Patti Davis, Ronald Reagan's daughter, recently speculated on where her father might stand on same-sex marriage. Politico published her thoughts under the headline, "Patti Davis says Reagan wouldn't have opposed gay marriage."

The impact of the article was immediate. A quick Google search yielded multiple follow-up articles and blog posts. Liberals nationwide were off and running with a new same-sex marriage endorsement: this one from Reagan, the conservative's conservative.

This is not the first time liberals have rushed to recast Reagan according to their policy preferences. Immediately after his death in June 2004, he was trotted out as a poster-boy for embryonic stem-cell research.

Please, not so fast.

In Davis' defense, she starts with a crucial point about her father, one liberals had utterly refused while the man was alive: "He was a very tolerant person."

Indeed, Reagan was tolerant -- on religion, on race, on ethnic differences, on differences of opinion on many things, and also toward gays. As Davis notes, "He did not have prejudices against gay people." Davis gives just a few of many examples.

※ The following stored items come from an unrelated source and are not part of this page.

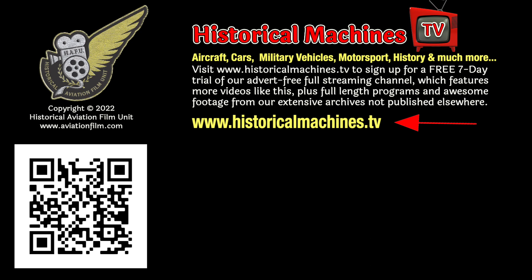Join us on our full advert-free streaming service at historicalmachines.tv, where you'll find lots more great footage just like this.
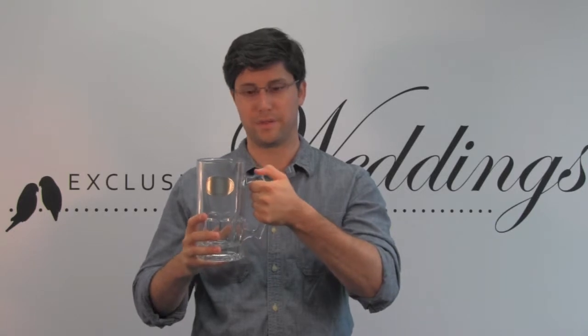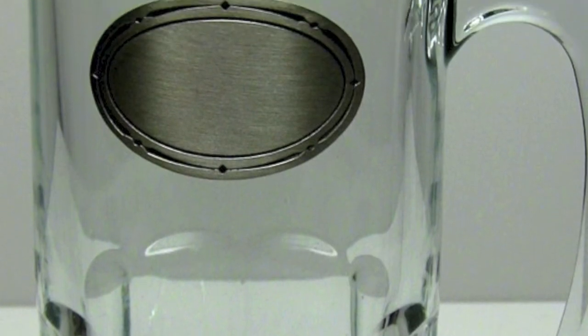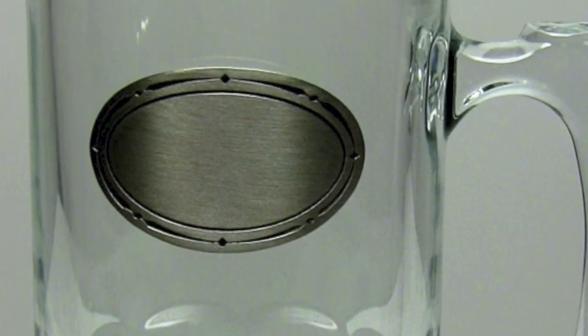It's got a sturdy handle here on the side with a nice little thumb grip spot, so you can stabilize it while you're drinking. And up front, you've got a plaque that can be personalized. It's a great touch. Show your buddy that you thought about this gift a little bit more than just grabbing some random thing off the shelf.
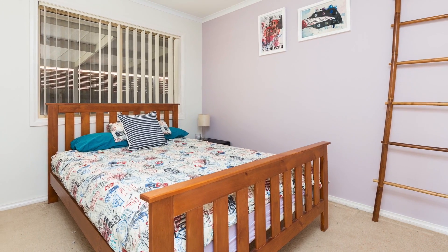Don't delay, inspect today. Welcome back. I hope you enjoyed the property. Please feel free to give me a call — I would love to show you through.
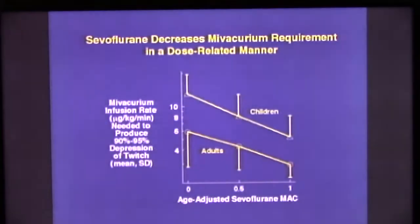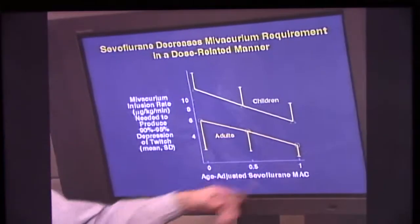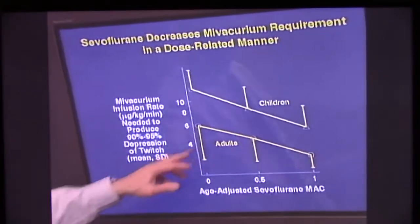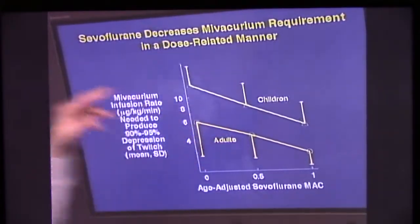The effect of the potent agents, as you might anticipate, is related to anesthetic concentration. They're also related to the age of the patient. We look at the age-adjusted MAC of sevoflurane and how it determines the infusion rate of mivacurium required to achieve paralysis. We see that the higher the MAC multiple of sevoflurane, the lower the infusion rate that's required — and that's true in adults and in children, but more is required in children. Why? They have a greater volume of distribution.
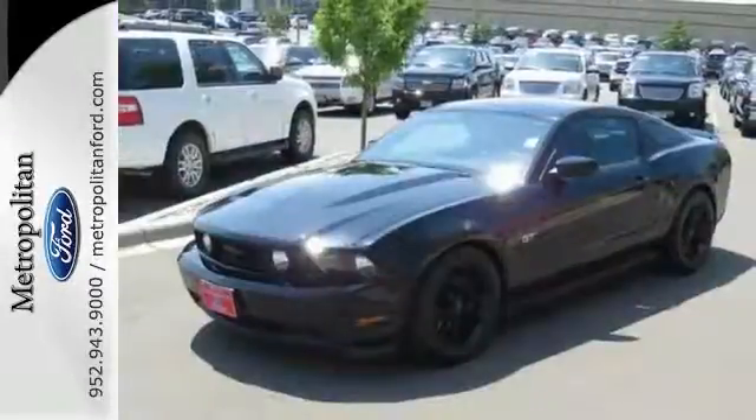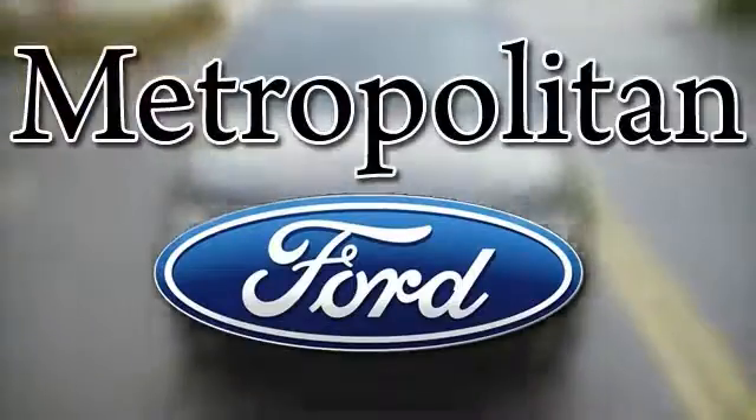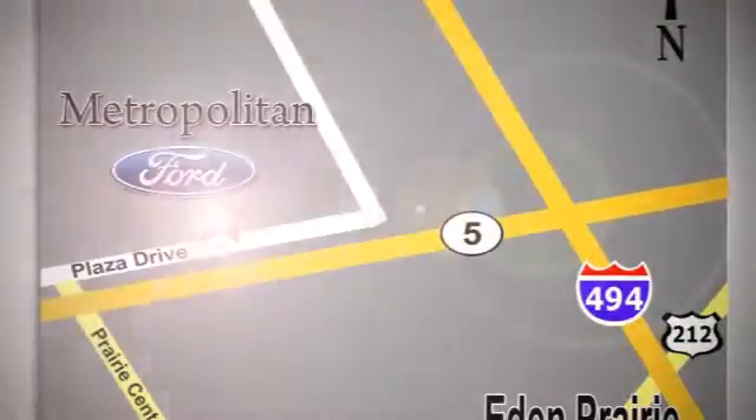It just needs a new home, so come take a test drive today. Whether you're buying today or just shopping at Metropolitan Ford, you can expect to experience something truly unique. Call or stop in today. We're conveniently located near 494 and Highway 5 in Eden Prairie.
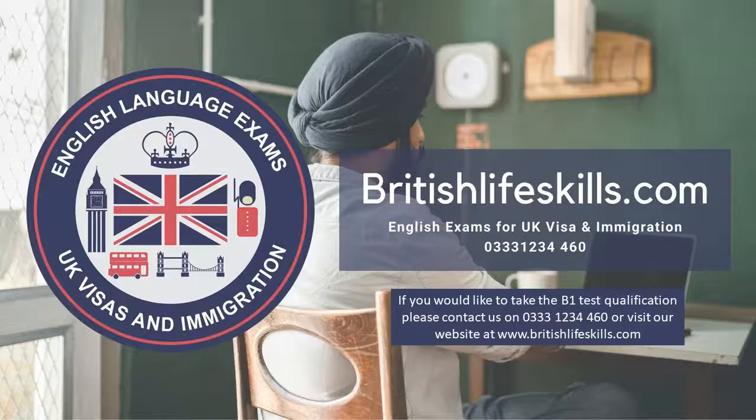If you would like to take the B1 test qualification, please contact us on 0333-1234-460 or visit our website at www.britishlifeskills.com.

But she then goes where I don't think we should. She states of her father and same-sex marriage: "I don't think he would stand in the way of it, at all. I don't think he would stand in the way of two people wanting to make a commitment to one another."

Davis then uses an argument that is libertarian (which Reagan was not), and which fails to understand the essence of conservatives' objection to same-sex marriage: "I also think because he wanted government out of peoples' lives, he would not understand the intrusion of government banning such a thing. This is not what he would have thought government should be doing."

The problem with that statement, applied to the same-sex marriage debate, is this: Conservatives object to the federal government rendering unto itself the unprecedented ability to redefine marriage. Such is a massive step toward government intervention (one that should worry libertarians), toward powerful government, toward big government -- not restrained and limited government.

It is a step that breaks entirely new ground in not only American history but human history, one with unimaginable and extraordinary effects yet to come on the family, the culture, the economy, government services and (among others) the court system.